De todas formas, ¿qué hacía rebuscando entre los libros de química? ¿Cuál era la reacción química que pretendía encontrar? ¿La explicación a qué? ¿Y vendría en un maldito libro de universitario? Me interesaba saber por qué a veces odiaba a Bill y por qué otras sentía algo así como la necesidad de tenerlo cerca. Y lo peor de todo, claro, el por qué no dejaba de pensar en él ya fuera con odio o con añoranza, a veces, con preocupación incluso. Había conocido la auténtica preocupación con el capullo de mi hermano. 

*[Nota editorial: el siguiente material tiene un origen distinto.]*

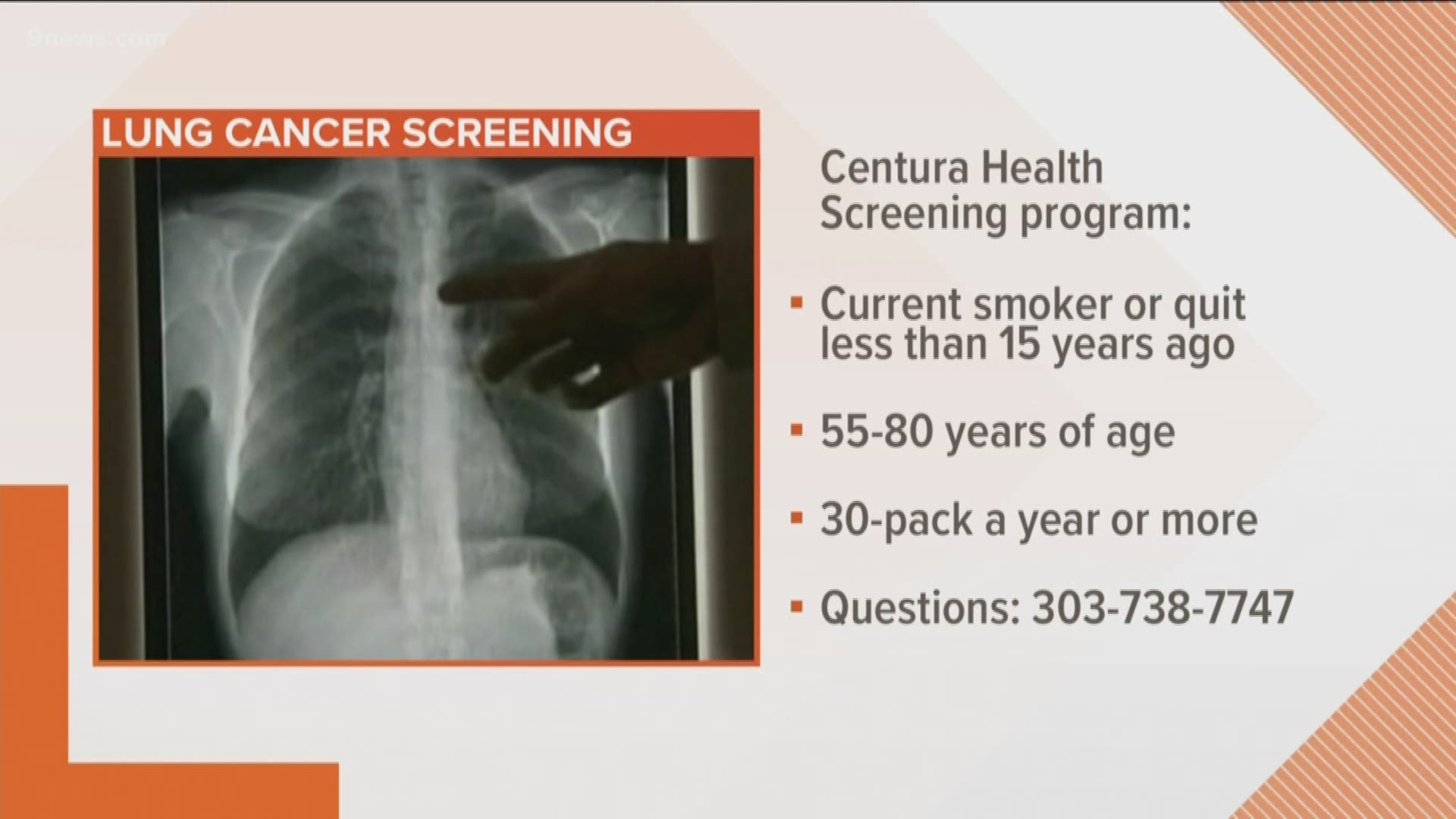 Dr. Nitin Gupta with Littleton Adventist Hospital wants screenings for lung cancer to be more common. He talks about risk factors and who should be screened.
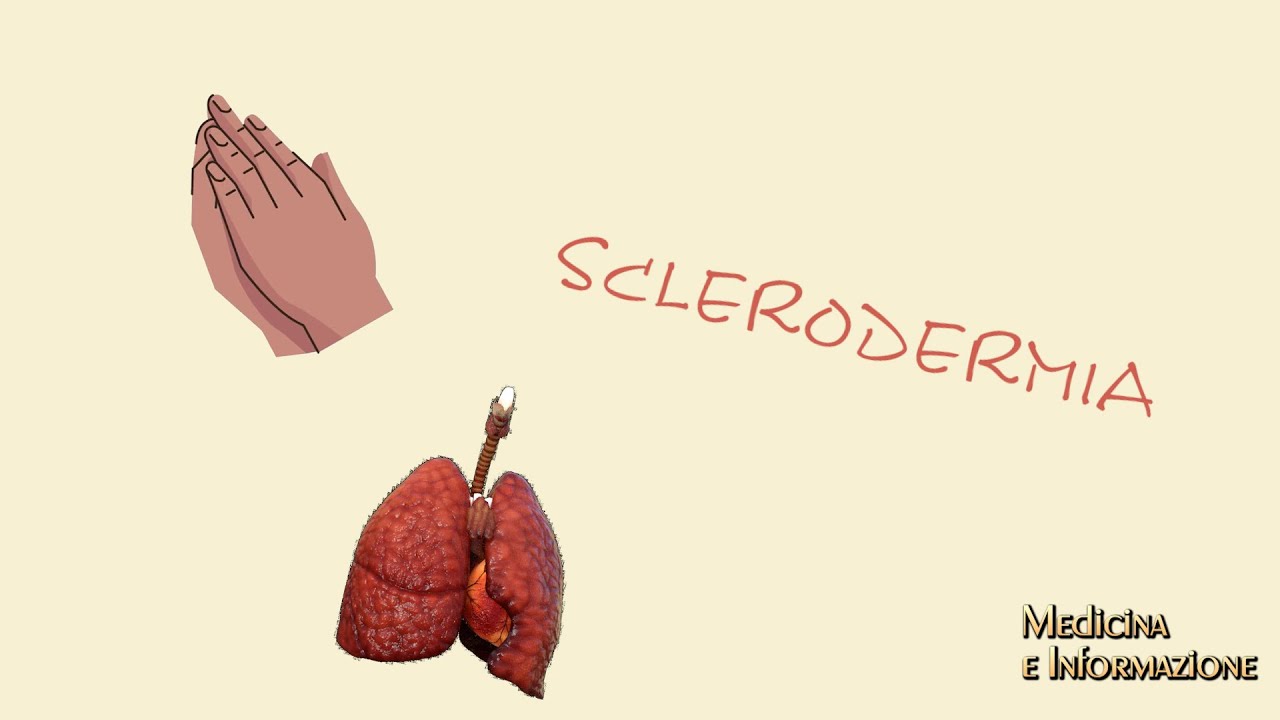 Sclerodermia: diagnosi precoce, gestione multidisciplinare e terapie per le complicanze polmonari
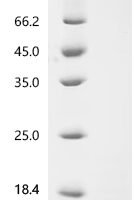 Dog Interleukin-13 (IL13) Recombinant Protein, C-10His - BioCrest Sci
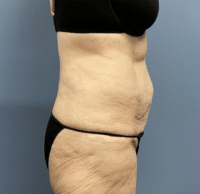 Circumferential Body Lift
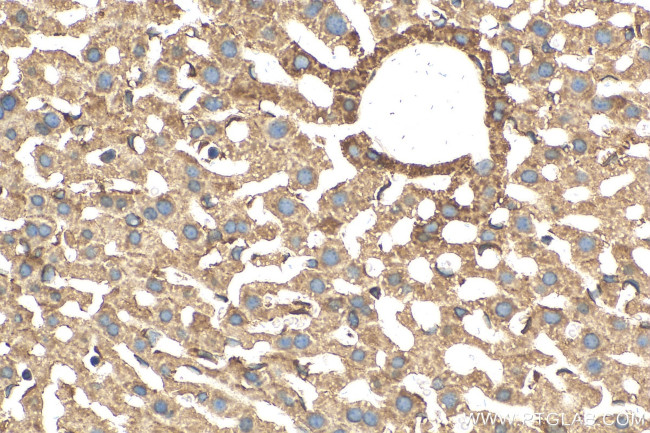 ABCC10 Antibody in Immunohistochemistry (Paraffin) (IHC (P))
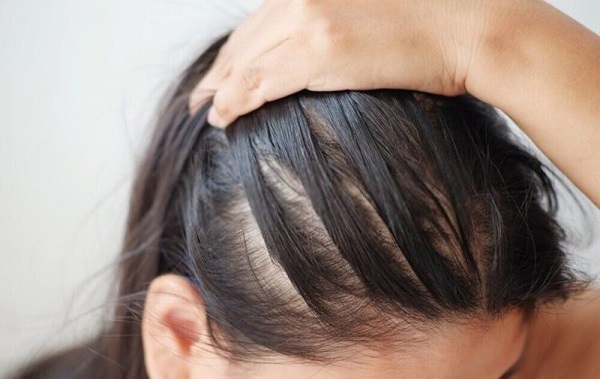 Dùng sai dầu gội khiến da đầu nhanh bết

Suspiré y dejé el libro en su sitio. 

-Oh, coño, Tom ¿qué estás haciendo? – me reproché a mí mismo. Con las bolsas de la ropa que le había comprado a mi hermano descansando en el suelo, los cosméticos y la primera plancha para el pelo que había encontrado en una tienda que ya ni siquiera recordaba, estaba empezando a confundirme. Me estaba gastando mi salario en tonterías para Bill en lugar de para mí. Era estúpido. Los únicos regalos que había hecho en mi vida habían sido para Helem. Pero pensar en Bill, en la cara de sorpresa que pondría al ver los regalos, en la expresión de su rostro cuando descubrió a Scotty en aquella cestita el día de Navidad, en lo mimoso y contento que se puso… se había tirado toda la noche riendo conmigo. 

Ahora… reía muy poco. 

El Muñeco se había colgado de un estante y se paseaba por entre los libros pegando saltos y abriendo las piernas como un bailarín. Ese maldito bicho sí que estaba contento. Su humor se había vuelto pletórico en cuanto se me cruzó por la cabeza comprarle el primer regalo a Bill. Estaba tan contento, que pegó un salto en medio de dos estantes y se golpeó la cabeza con el de arriba. Cayó al suelo, encima de un montón de libros y se hizo el muerto, con los brazos y las piernas de trapo extendidas y una cara de dolor que provocó que me entrara la risa floja. 
Mi carcajada captó la atención de media librería y cuando alguien me siseó para que cerrara la boca, sentí que el bicho que siempre me acompañaba empezaba a caerme algo así como bien.